A look at some of the latest published research from the NC State College of Veterinary Medicine.

Advancing Comparative Cancer Genomics

A newly developed microarray platform allowing for rapid detection of DNA aberrations in feline tumors shows potential to reliably incorporate domestic cat cancers into comparative and translational oncology research.

Researchers used the platform during genomic profiling of a feline injection-site sarcoma case. Several key cancer-associated genes were revealed during the procedure.

The domestic cat lags behind the domestic dog in terms of integration into translational molecular medicine. The new platform could lead to the further evolution of the comparative cancer genomics field.

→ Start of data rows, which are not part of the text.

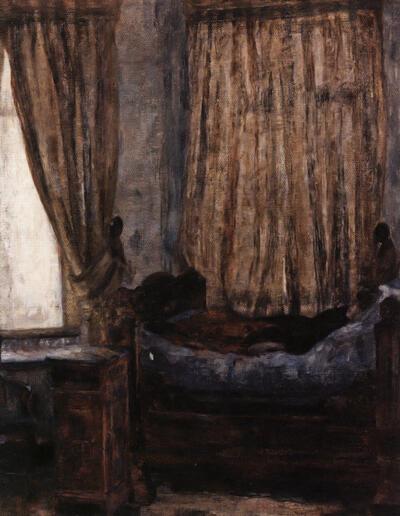 James Ensor, De dame in nood, 1882, olieverf op doek,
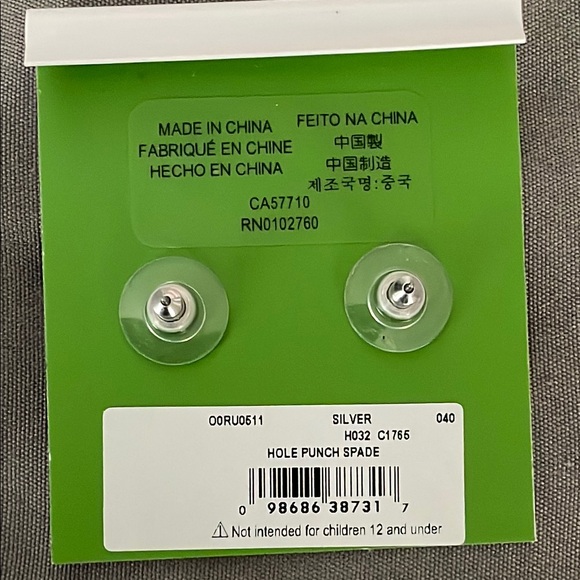 Kate Spade Silver Spade Stud Earrings - Picture 4 of 5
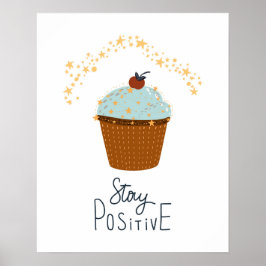 Moderne scandi cupcake blijf positief  kinderkamer poster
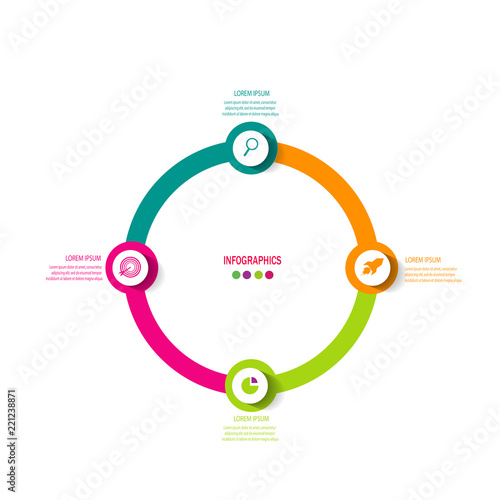 Modern data chart timeline infographic element template with bright color design vector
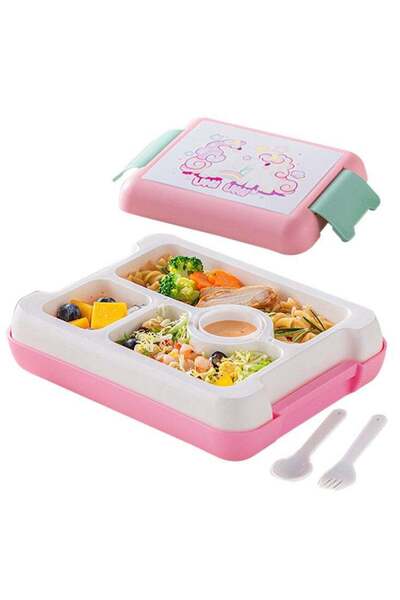 Generic Cute Bento Lunch Box for Kids with 3 Compartments and Sauce box, 1000...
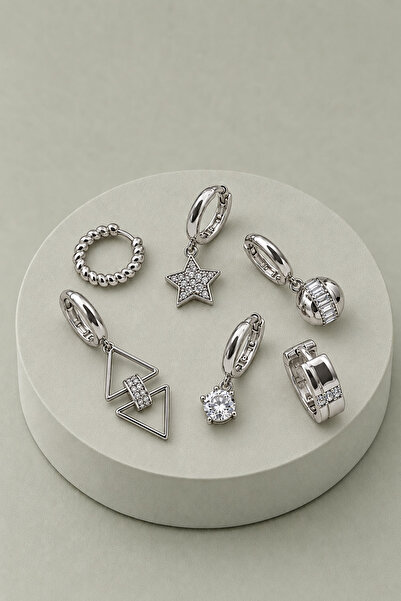 New Obsessions Steel 6-Piece Geo Figured Modern Earrings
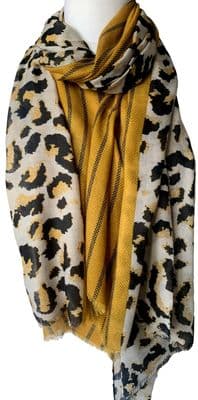 Leopard Print Scarf in Mustard Yellow and Beige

The research, published in Veterinary Sciences, is co-authored by Matthew Breen, Luke Borst and Rachael Thomas.

Read the study here.

New Infectious Species Impacting Dogs

A study co-authored by Adam Birkenheuer and Megan Schreeg details the characteristics of Babesia negevi n. sp., a new piroplasmid species infecting dogs.

The new species is part of the western Babesia species group and is associated with severe clinical disease. The new species is infecting dogs in the Middle East, and more research is warranted to reveal the vectors of B. negevi and pinpoint the most effective treatment.

Babesiosis is a tick-borne infection associated with anemia that is life-threatening to humans, as well as domestic and wildlife animals. Dogs are infected by a least six well-characterized Babesia species that cause clinical disease. The new species is named after the Negev, a desert region in southern Israel where the first infected dog originated from. Parasites & Vectors published the research.

Read the study here.

Targeting Vaccines for Bacterial STIsCute piglet leans over the back of a chair

Chlamydia suis (Cs) vaccination of pre-exposed pigs boosts a non-protective immune response induced by natural infection, according to research led by Tobias Kaeser. The findings suggest that a similar approach could be applied to human vaccine trials.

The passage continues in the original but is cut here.